::: Input records
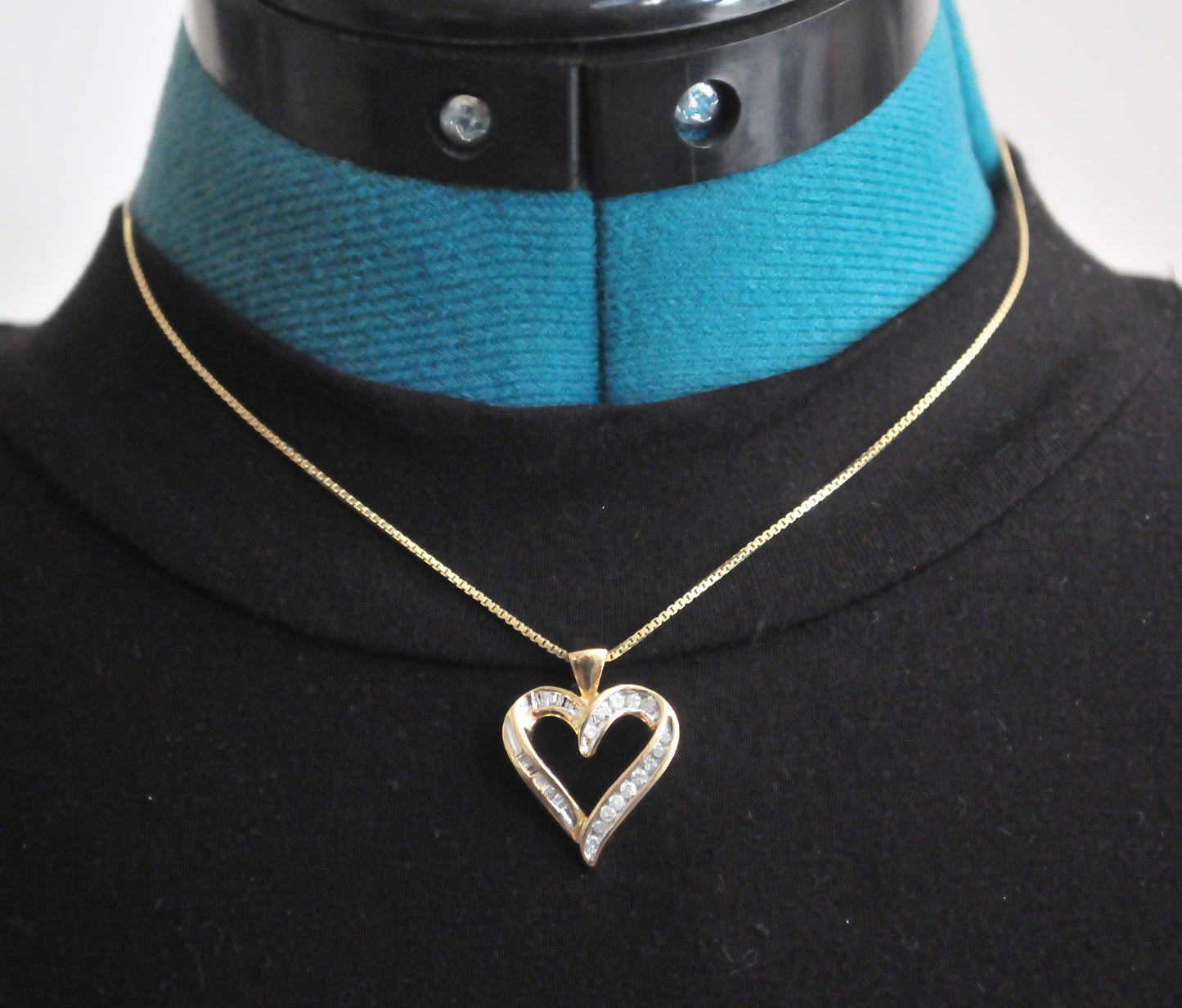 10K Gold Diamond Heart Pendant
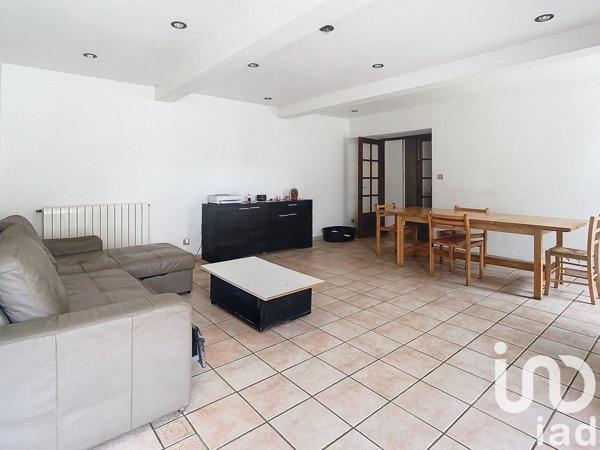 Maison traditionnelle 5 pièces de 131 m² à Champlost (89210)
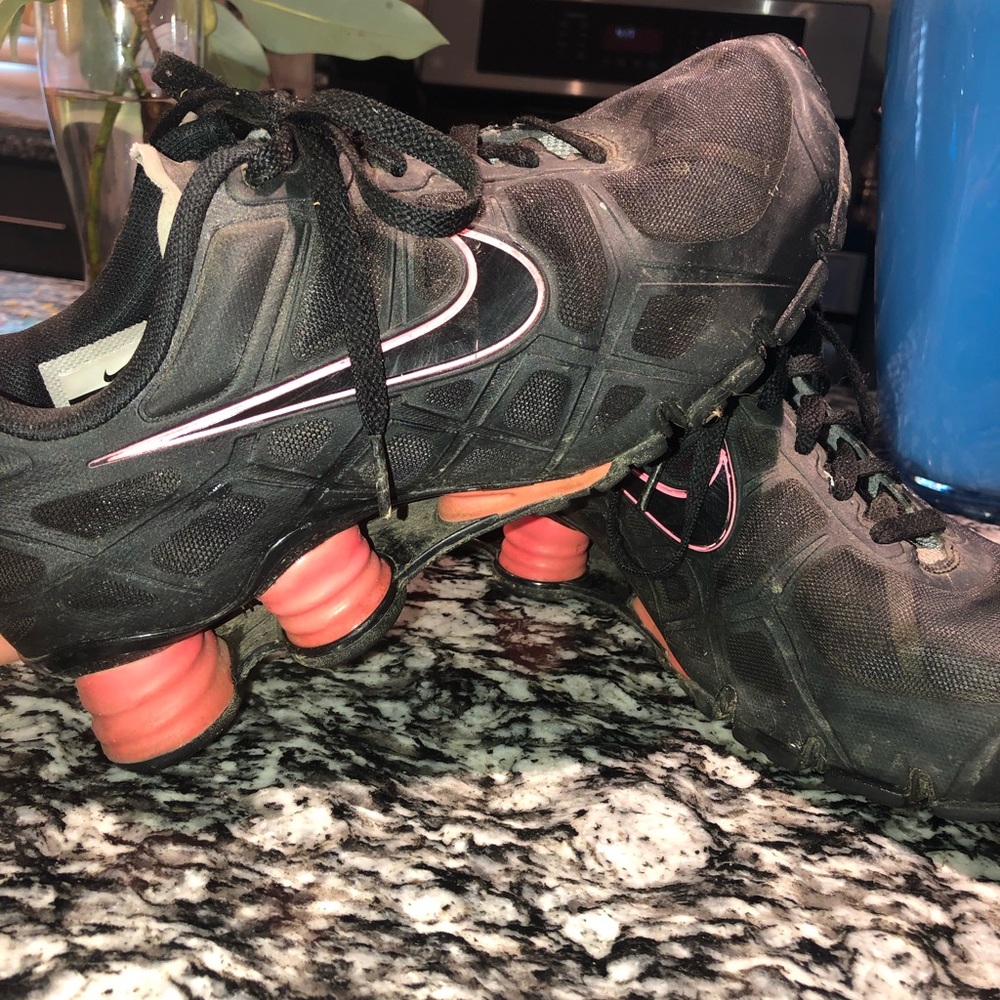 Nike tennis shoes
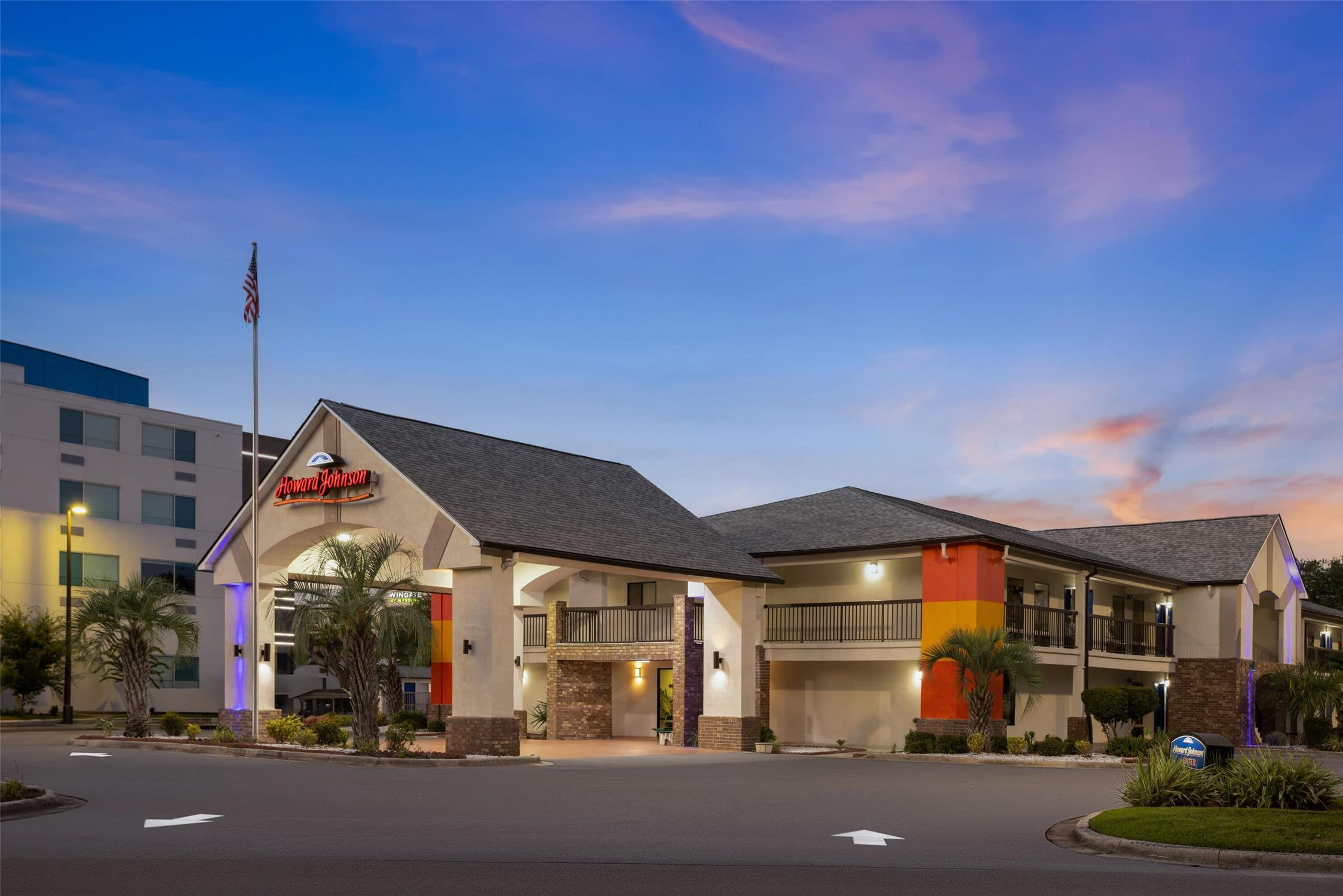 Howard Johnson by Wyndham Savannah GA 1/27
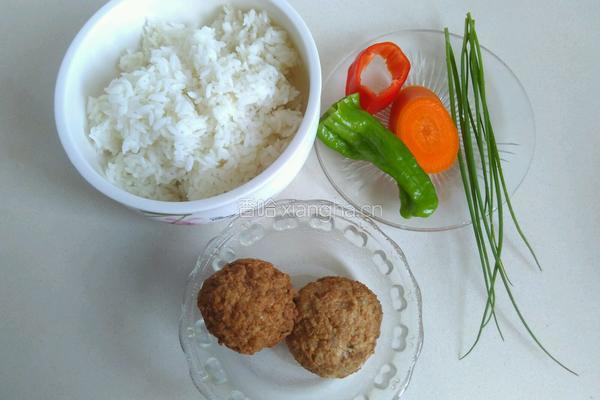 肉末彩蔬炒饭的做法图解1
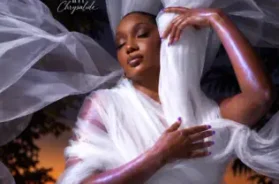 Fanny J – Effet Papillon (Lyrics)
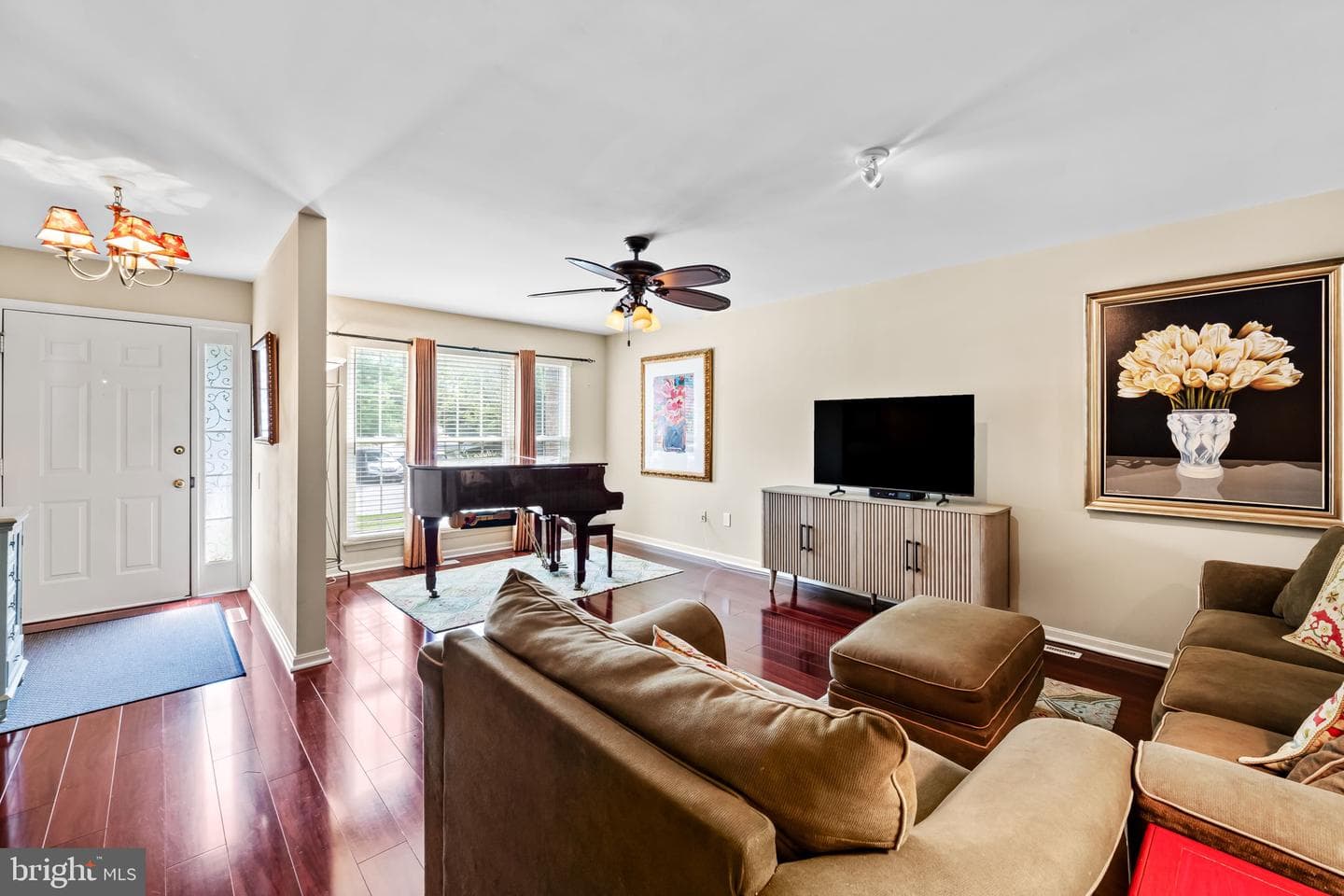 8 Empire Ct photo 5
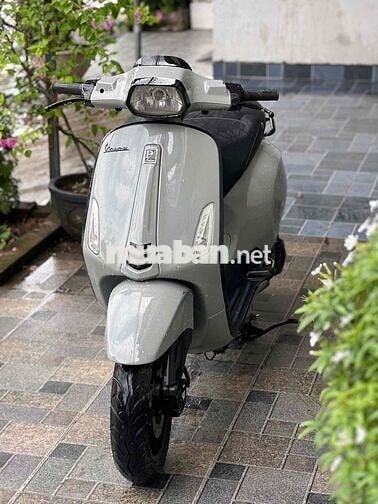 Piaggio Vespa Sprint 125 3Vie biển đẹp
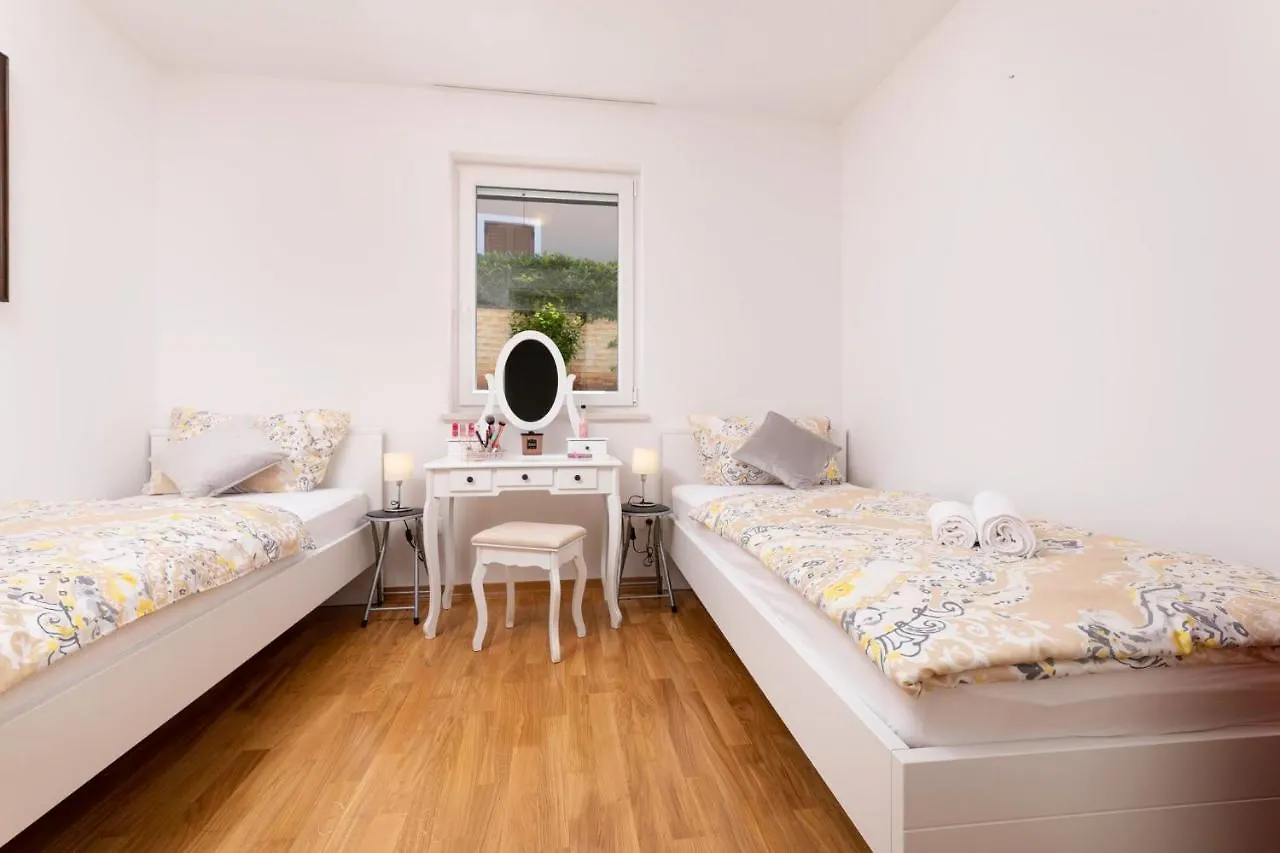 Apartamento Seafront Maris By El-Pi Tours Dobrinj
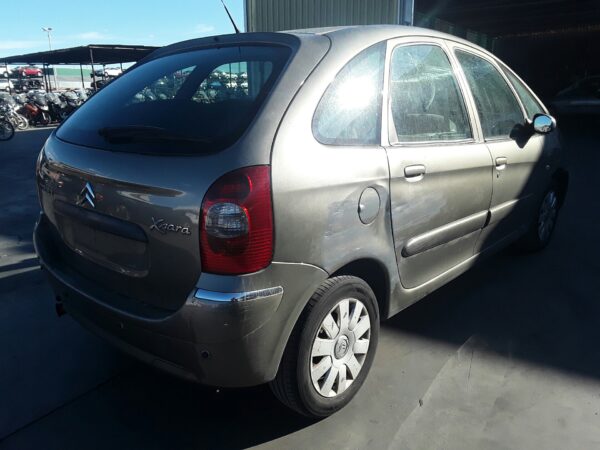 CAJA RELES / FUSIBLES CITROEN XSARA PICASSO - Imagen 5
::::::
### Exercise directions:
Nothing but the lines from the one that contains "Nike tennis shoes" through the last line of the records belongs in the answer, reproduced exactly, with no pictures.

### Output for this task:
 Nike tennis shoes
 Howard Johnson by Wyndham Savannah GA 1/27
 肉末彩蔬炒饭的做法图解1
 Fanny J – Effet Papillon (Lyrics)
 8 Empire Ct photo 5
 Piaggio Vespa Sprint 125 3Vie biển đẹp
 Apartamento Seafront Maris By El-Pi Tours Dobrinj
 CAJA RELES / FUSIBLES CITROEN XSARA PICASSO - Imagen 5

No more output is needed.